FAH has been running for more than a week on it now, without any BSOD or other problems. So the BSOD is not the problem.
The Warnings and Errors does show a lot of download errors, and only 2 or 3 times a core crashed.
I reduce Folding power from medium to light now, and watch closely.

The question remains: Should the client fetch new work when there is an unfinished task (that might time out meanwhile) ?

Re: Client suspended work for another task?

Posted: Fri Mar 27, 2020 9:50 am
by Neil-B
iirc default setting is that new WU is requested/downloaded when progress reaches 99% … this allows minimal overlap but has the WU ready for when previous one finishes - keeps the CPU/GPU nicely loaded with only a slight/short dip on the meters … for my kit that leaves a window usually less than 60 secs for a crash to occur - on slower kit that may be a few minutes or so (look at your TPF figure) … not sure if it is possible or even advisable to change setting to wait until 100% but seen it done the other way to (say 90% to) cover slow download speeds so might be doable.

As to your question - for me I never have stability issues or crashes so having a WU ready and waiting so my CPUs don't cool off between WUs minimise wear and tear through heat cycling and one TPF (1%) is easily long enough for me to download whilst minimising any risk of failure once new WU received so I am happy to say yes it should happen - from your perspective I can see why you might question otherwise.

Re: Client suspended work for another task?

Posted: Fri Mar 27, 2020 10:14 am
by mcr42
Thanks, that's a good explanation, I didn't think of that.
I didn't intend to touch any of the controls (didn't know there are any); I was just curious why this might have happenend.
Thanks.

Accepted answer, Problem solved, Thread can be closed.

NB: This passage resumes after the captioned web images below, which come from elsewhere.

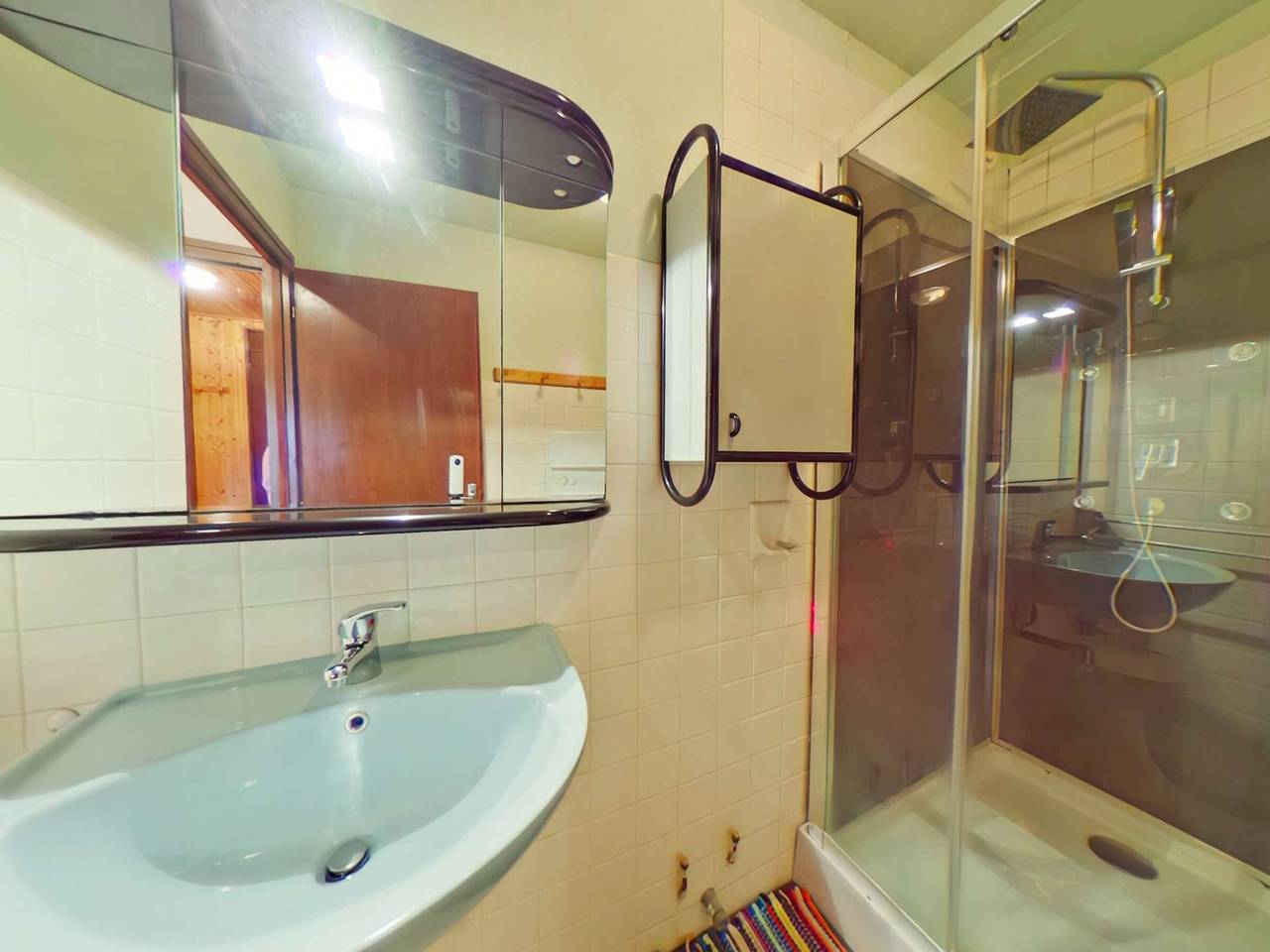 Apartamento entero, Apartamento de 2 piezas en Les Saisies - 6 personas, balcón sur in Les Saisies, Albertville region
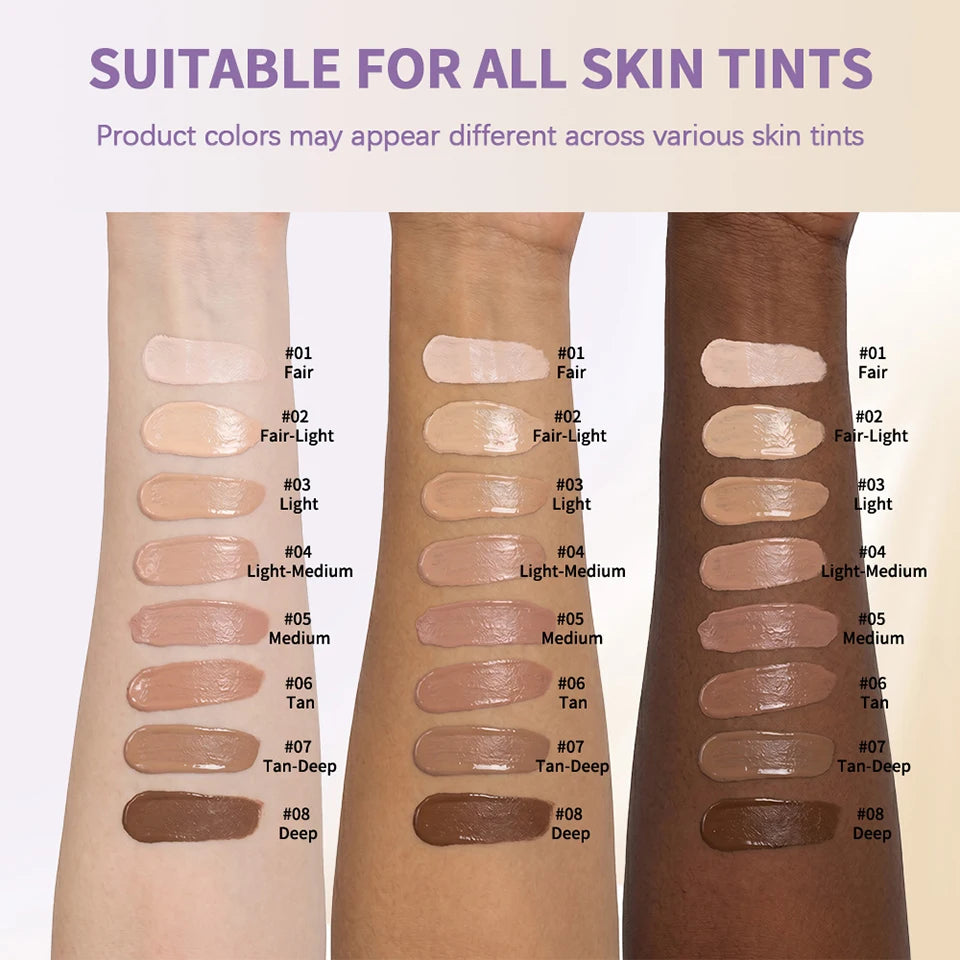 Matte Tinted Moisturizer with SPF 30 for Flawless Coverage - 13
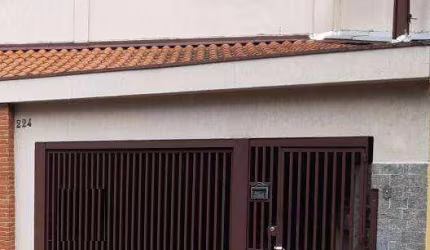 Sobrado com 3 dormitórios à venda, 267 m² por R$ 700.000,00 - Cidade D Abril - São Paulo/SP
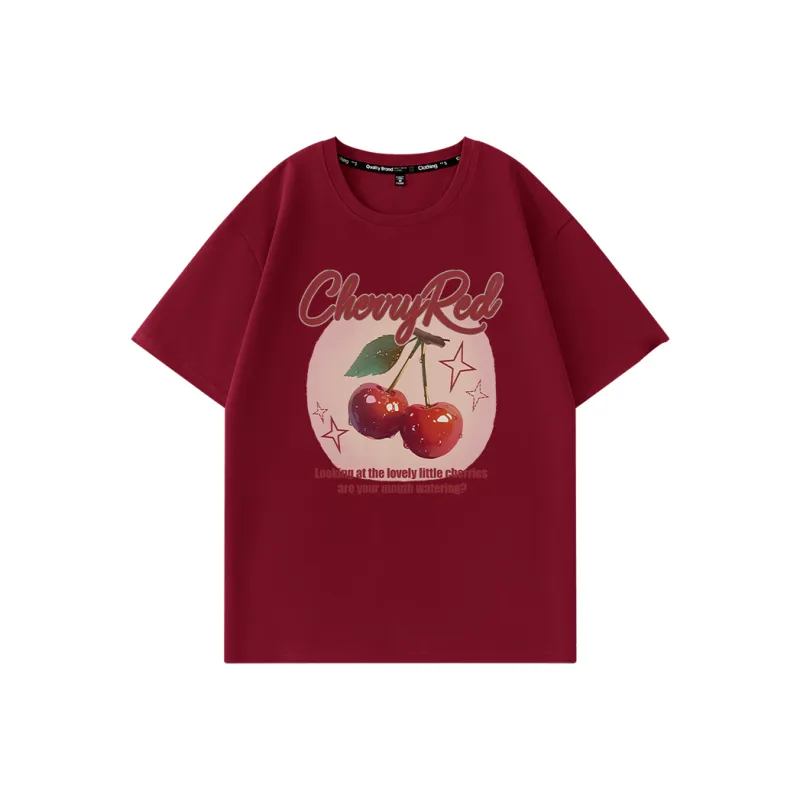 Cotton T Shirts Women's-27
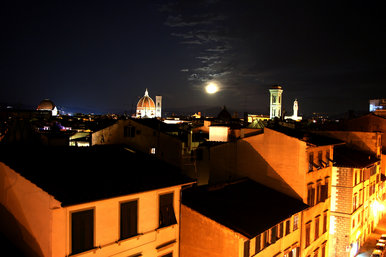Night In Florence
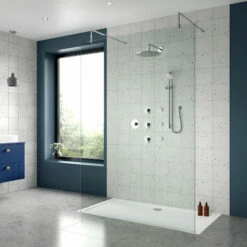 Nuie Arvan Thermostatic Concealed Mixer Shower With Shower Kit + Fixed Head Stop Tap And Body Jet 10 Nuie Arvan Thermostatic Concealed Mixer Shower With Shower Kit + Fixed Head Stop Tap And Body Jet -HEATANDPLUMB Sales nuie arvan complete mixer shower sbr134st3 3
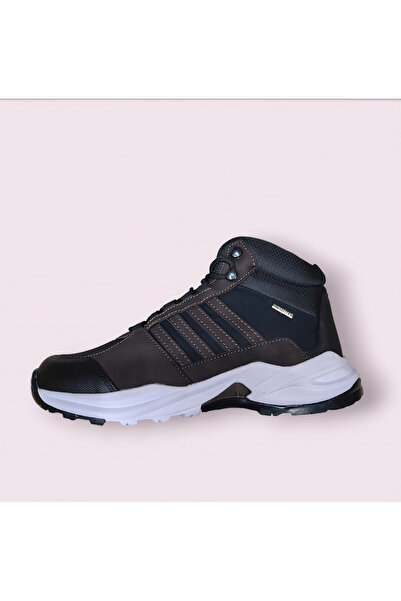 Walked Men's Outdoor Boots Water Repellent Thermal Non-Slip Sole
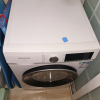 西门子全自动10KG白滚筒洗衣机WG52A100AW 一级能效智能APP控低噪环保晒单图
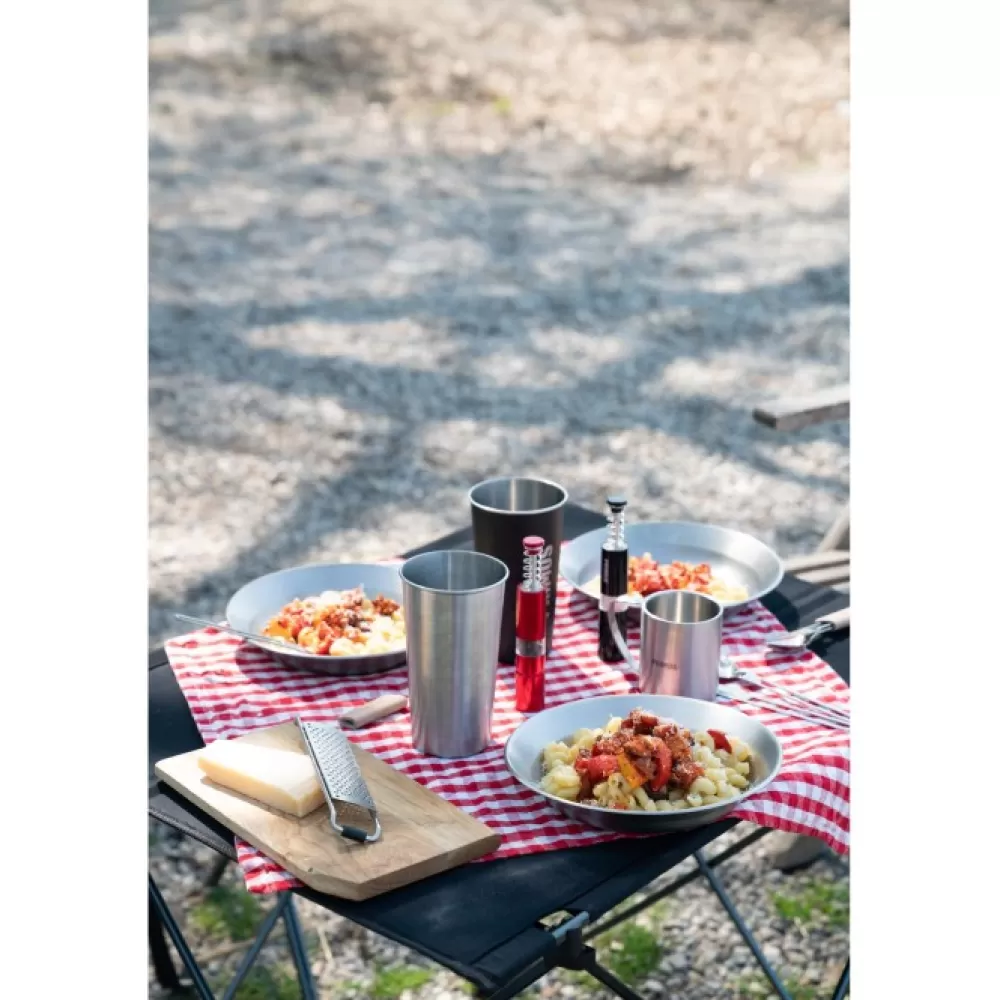 Ruoanlaittovälineet | Primus Salt And Pepper Mill Suola- Ja Pippurimylly, 2 Kpl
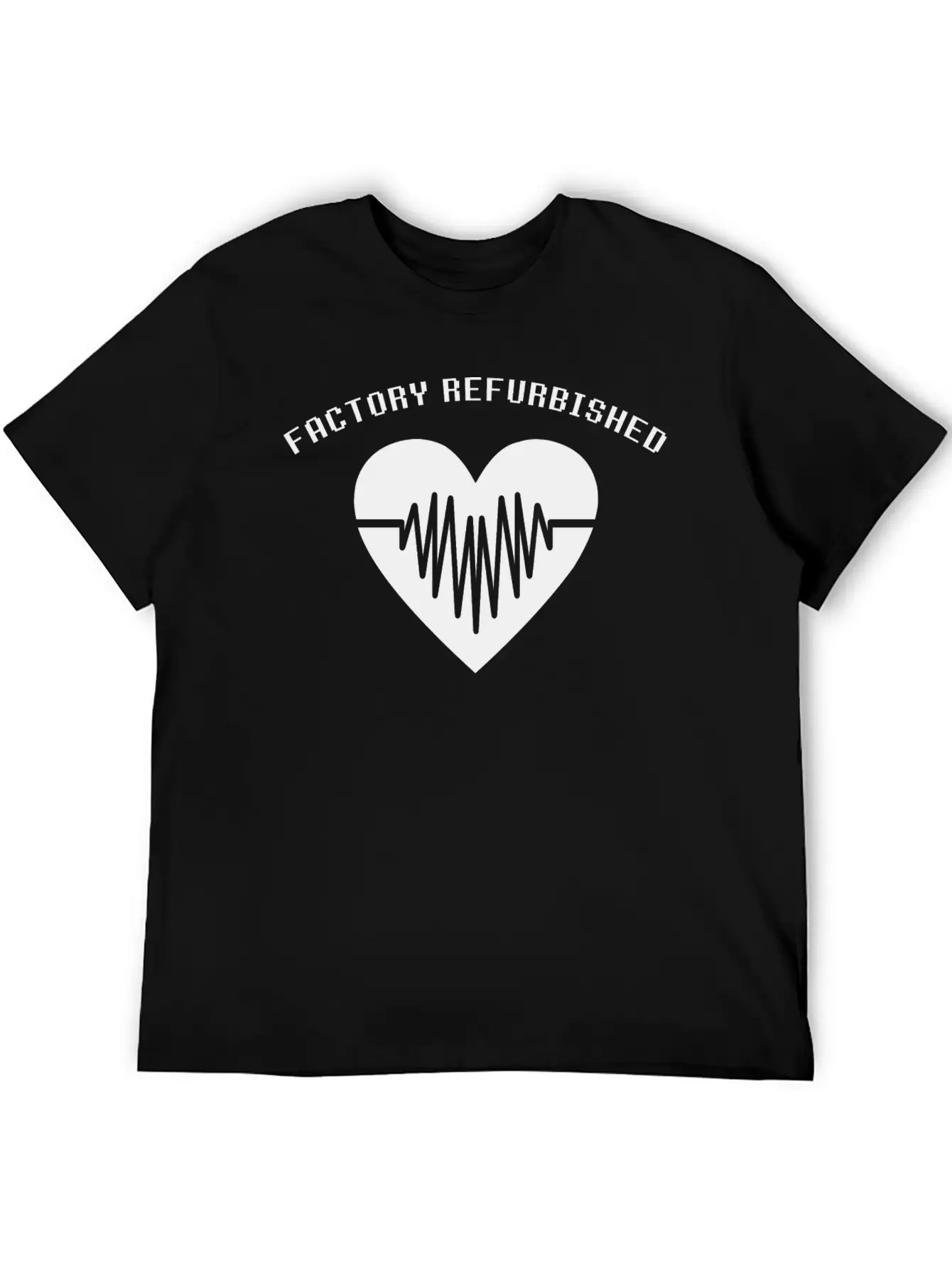 Open Heart Surgery Recovery Apparel Soft Cotton Short Sleeve Tee ¨C Unisex Wardrobe Staple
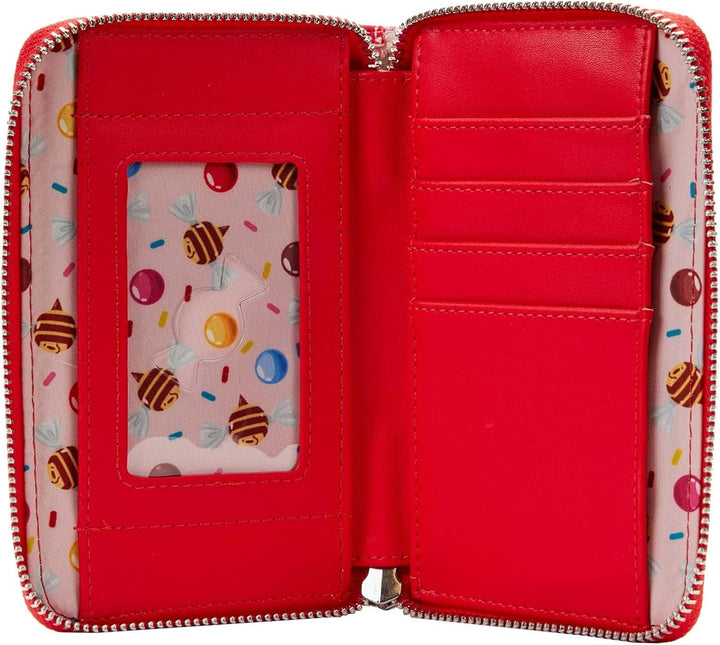Loungefly Disney Porte-Halter Winnie Puuh Süssigkeiten Standard Mehrfarbig, Standard Mehrfarbig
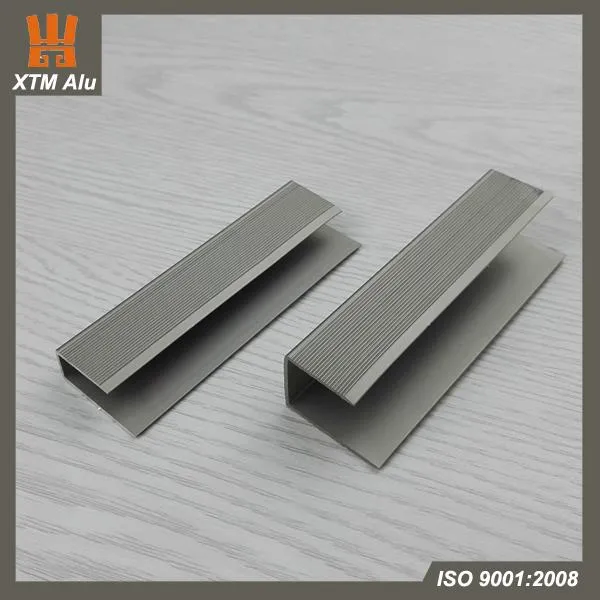 Aluminum Extrusion Profiles Products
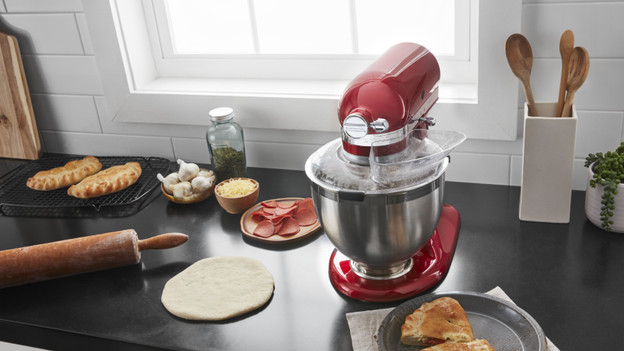 Artisan 175 und Schüsselheber: Extrazubehör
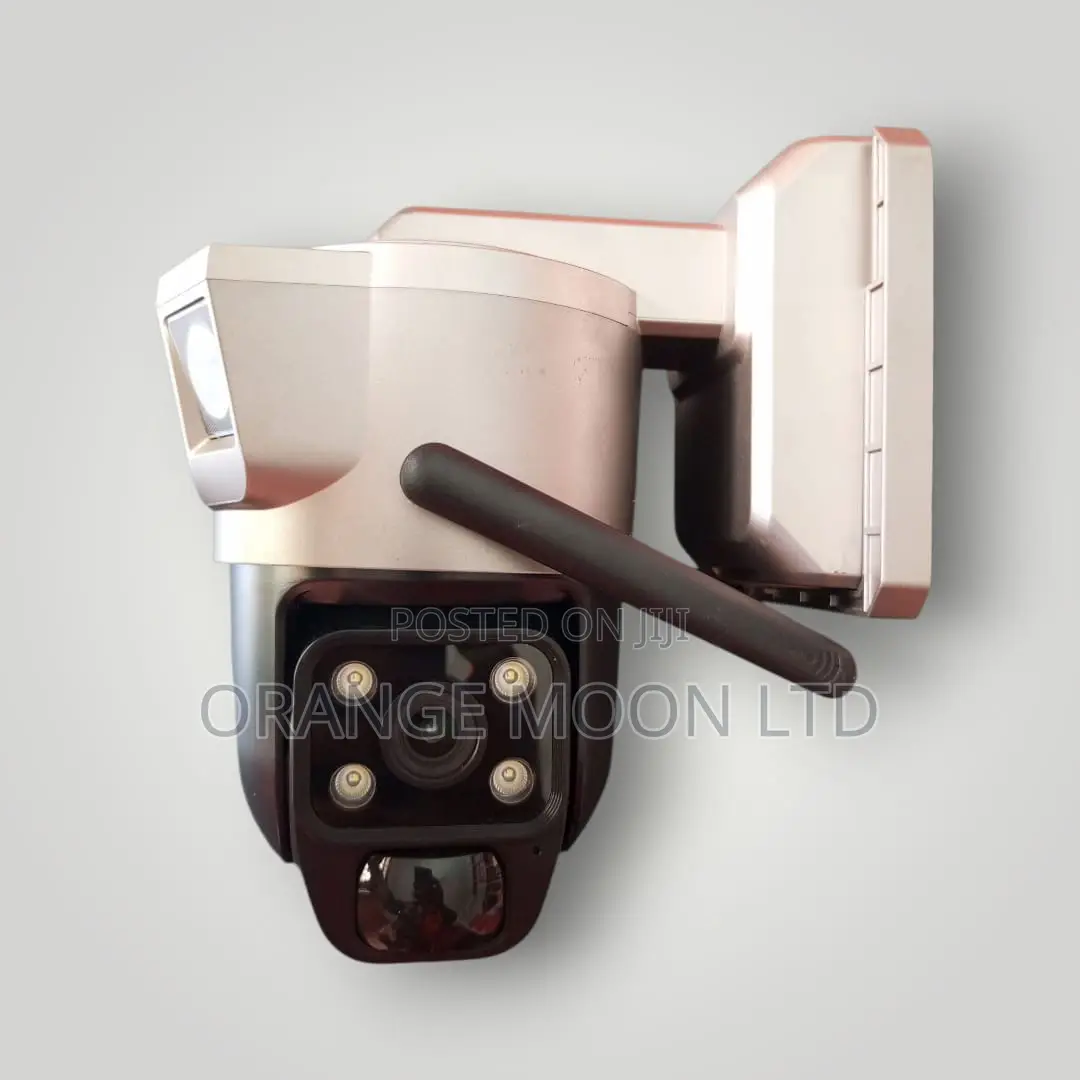4g Smartnet Camera (V380 Aov Single Lens)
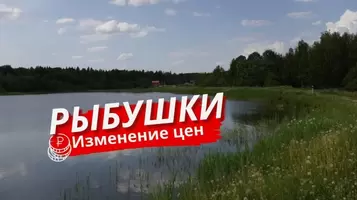 Изменение цен в посёлке «Рыбушки»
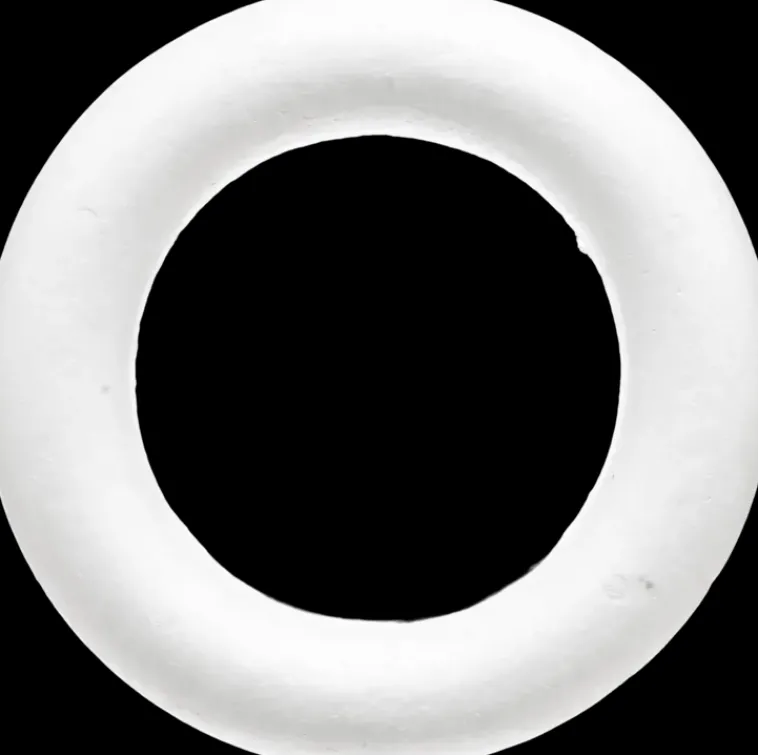 Kapel Askartelutarvikkeet-Styroxrengas Littea Pohja 30 Cm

Re: Client suspended work for another task?

Posted: Sat Mar 28, 2020 12:56 am
by Joe_H
Yes, that is a good explanation. The option for download defaults to 99%, and can be set between 90-100%. I would have to look up the exact name as I have not used it recently, being on DSL having an upload overlap with a download from setting it to 100% became a problem when the WU download sizes increased.